L’égérie des Moudjahines
L’Aurès montagne de la résistance amazighe multimillénaire est le territoire réel et sentimental de Hadda. Les terribles batailles menées par les Moudjahidines durant la guerre de libération trouvent un écho dans ses chants d’une profonde sincérité. Des moudjahidines encore en vie témoignent que dans leurs abris, sur leurs sentiers de combat, ils se remontaient le moral et se galvanisaient avec les mélodies bédouies de Beggar Hadda et celles d’Aissa Djermouni. Ils chantaient « Demou sayeh bin lwidane » (Son sang coule dans les ruisseaux) et d’autres chants de mobilisation patriotique comme « Yal Djoundi Khouya » (soldat, ô mon frère) des cris de l’âme bléssée déclamés par Hadda sur un ton d’une poignante franchise. Les chants patriotiques de Hadda, lourds poèmes engagés qui exaltent le volontaire qui affronte le feu de l’ennemi et qui meurt pour la terre et le drapeau, sont de véritables reportages témoignant de la dure réalité du maquis de l’Aurès et des valeurs de loyauté et de sacrifice qui portaient le combat libérateur de l’oppression coloniale.
Une fin cruelle
Beggar Hadda surnommée El Khencha , demeurée longtemps un mystère parce qu’elle refusait de voir sa photo sur les pochettes de ses disques, sera découverte par le grand public pour la première fois à travers la télévision en 1990, après cinquante ans de vie artistique exceptionnelle. Elle sera « exhumée » pour une ultime fois par Abdelkrim Sekkar dans son émission « Bonsoir Culture » en 1992 avant de disparaitre des regards et des cœurs pour mourir durant lhiver de l’an 2000 en mendiante dans une rue obscure de la coquette ville d’Annaba. Comme pour expier une mauvaise conscience, Le théâtre régional Azzedine Medjoubi d’Annaba lui consacrera une pièce sous le titre nostalgique chargé de culpabilité « Hadda ya Hadda »,
Sa vie singulière de femme artiste engagée sera déroulée en 90 minutes .La scène ultime, très forte, montrera sur fond de sa chanson « Megouani nesbar », une Hadda abattue par la mort de Brahim le compagnon de sa vie.
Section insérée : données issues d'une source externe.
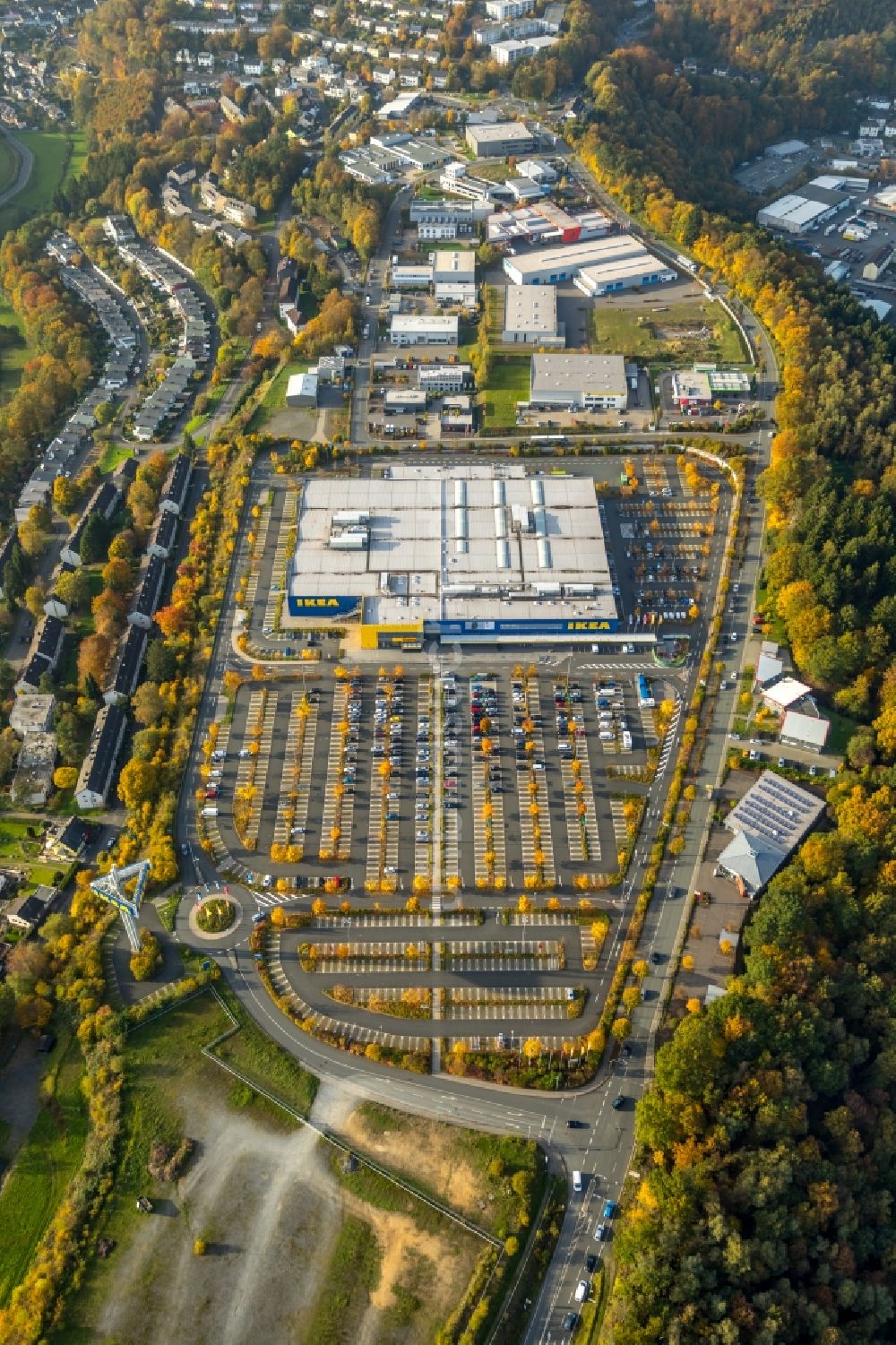 Luftaufnahme Siegen - Gebäude des IKEA -Möbelhaus in Siegen im Bundesland Nordrhein-Westfalen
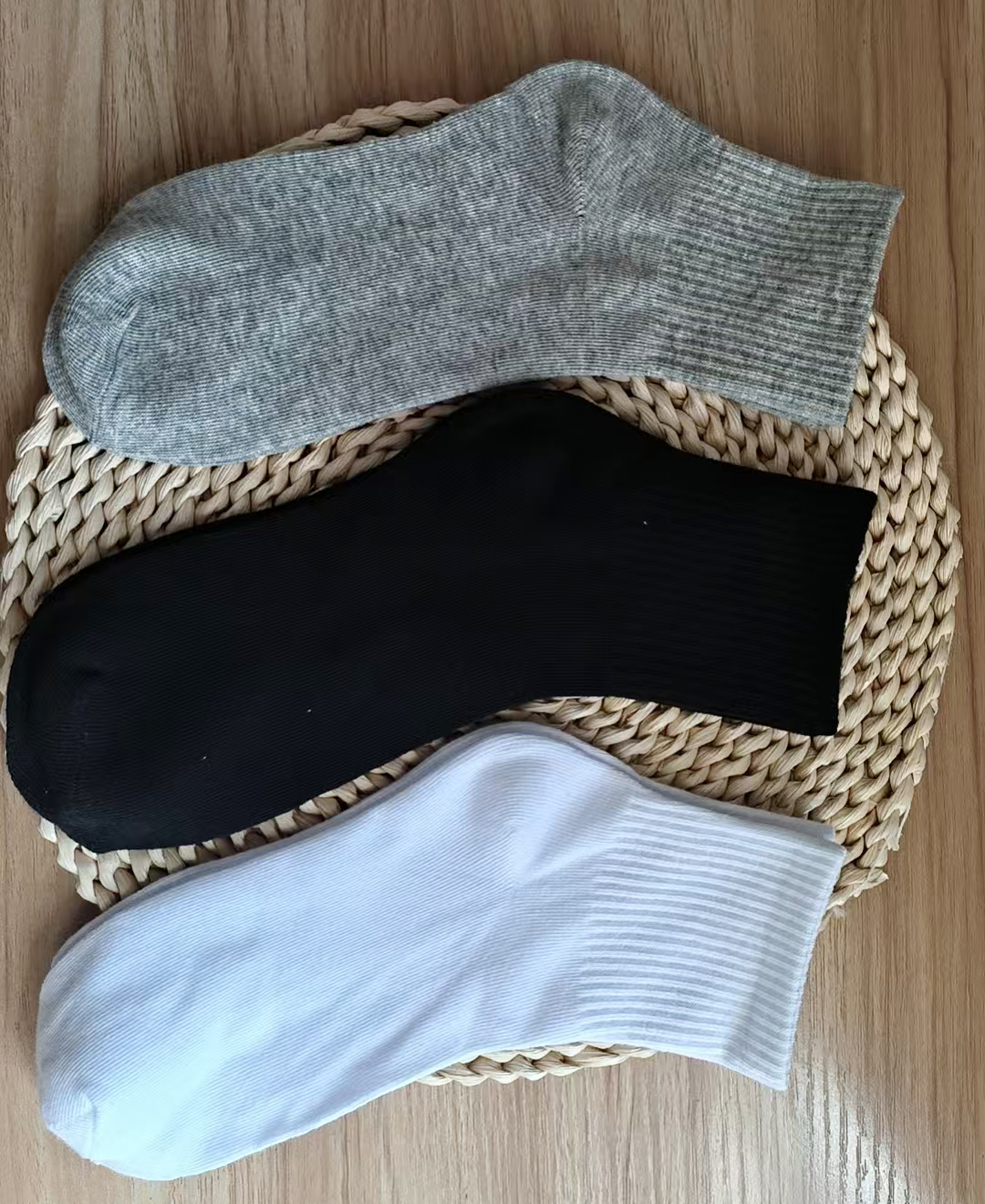 Combed cotton mid-calf socks are made of soft, comfortable combed cotton and are a must-have for high-end people and sports venues A pack of 10 pairs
Enveloppée d’un voile noir froissé, effrangé, la flûte de Brahim à la main, elle hurlait sa solitude et son désarroi.
La pièce est une sorte de « méa-culpa public » où le texte de Djalal Khechab sera mis en scène dans sa générale au théâtre de Constantine par Hebal Boukhari et la grande Sonia qui vient de nous quitter récemment.